I’m just starting out in the world of DIY home automation. I have a tasmotized power plug that I’ve added to my Openhab server along with a bunch of other devices, and now I’m looking to get a bit more custom. I’m renting the house, so I can’t make any fundamental changes, but popping the BRIVIS thermostat off the wall and replacing it with a custom thermostat control that Openhab can control would make things WAY better for our heating bill.
I don’t want to do too much messing about with code on the device, since I’ve got enough work to do with the server, so I wanted to make something running Tasmota for easy integration.
My thoughts are to have an ESP2866 like this, connecting to a 24vAC relay switch that can make a circuit on the two wire control circuit for the thirty-year-old gas heater in the roof.
I was thinking that if I include a step-down voltage regulator/converter on the circuit, then I could get input power whenever the heater is running, and use that power to recharge a battery to keep it going at other times.
Does this sound workable? Does anyone have any suggestions for what to use for relay/transformer/battery components?
This will be my first attempt to make an IoT device, so please forgive me if this seems all obvious. Electronic circuitry is not a field I’ve gotten into before.
Does anyone know what the power draw is for the ESP2866 so I can work out how long it will be able to run on battery? It might need to go for a significant time period to stay alive over summer!
I’m not a lawyer.
That said, I would suggest some serious consideration of the possibility that making alterations to the control unit for a gas appliance would be against a few regulations and impact the validity of any insurance policy that the owner has on the property.
There is a reason why installers have to issue certificates of electrical safety for such work.
If the owner is willing to consider a controller with RF / IR functionality. it increases your options.
I use a couple of RF-controlled power sockets to turn my AC on and off. OpenMQTTGateway lets me send RF codes from a Wemos D1 Mini via MQTT. But nothing custom-made is every wired to the appliances.
I’m not touching the actual gas appliance itself, just the thermostat, which is only connected to the gas appliance by two wires. If there’s a circuit, the heating is on. If there isn’t, the heating is off.
But I have to say, if anyone knows of a tasmotizale ready-made drop-in thermostat, that would be much easier!
The thermostat / control unit is part of the appliance. You are replacing a component of the appliance. It may be a cheap component. It may have limited functionality. But it is still a part of the whole. It may be possible to argue a grey area when installing a new control panel yourself. But the DIY nature of your replacement component is well outside of the regulations.
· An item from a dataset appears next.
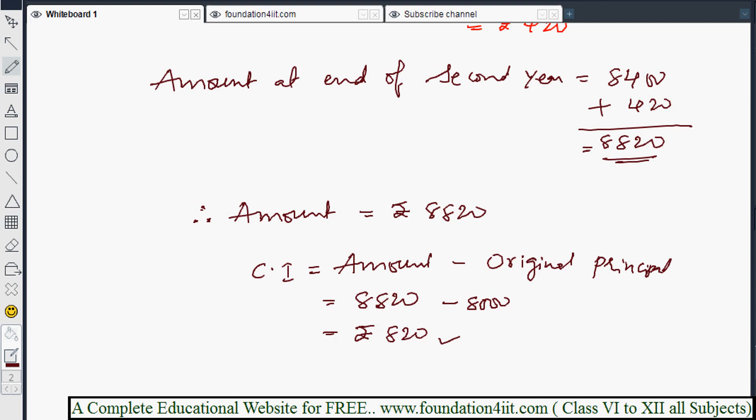If the problem asks for three years, we continue: the second year's amount becomes the principal for the third year, and so on for however many years are given. However, for 10 or 12 years this process would be very long, so instead of repeating it many times, there is a direct formula for compound interest.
Even if you were using an approved component, the simple fact that the “two wires” disappear into the wall can be enough to require a licensed installer.
Have to admit, discovering that it’s an AC circuit rather than DC, and seeing a video where an almost identical thermostat is replaced by a Nest, which gets its power from the two wires, has me reconsidering the project. I thought I understood how it worked, but it seems more complex. I might have to put up with one of the cloud based wifi thermostats.
Michael’s on the right track with highlighting the potential legal and safety issues. There are a lot of potential traps here. For your first IoT project this is probably too far in the deep end.
I’d recommend staying well away from mains voltage electrical engineering, and sticking with commercial AC-DC switch mode supplies so you can work with safe voltages and power levels.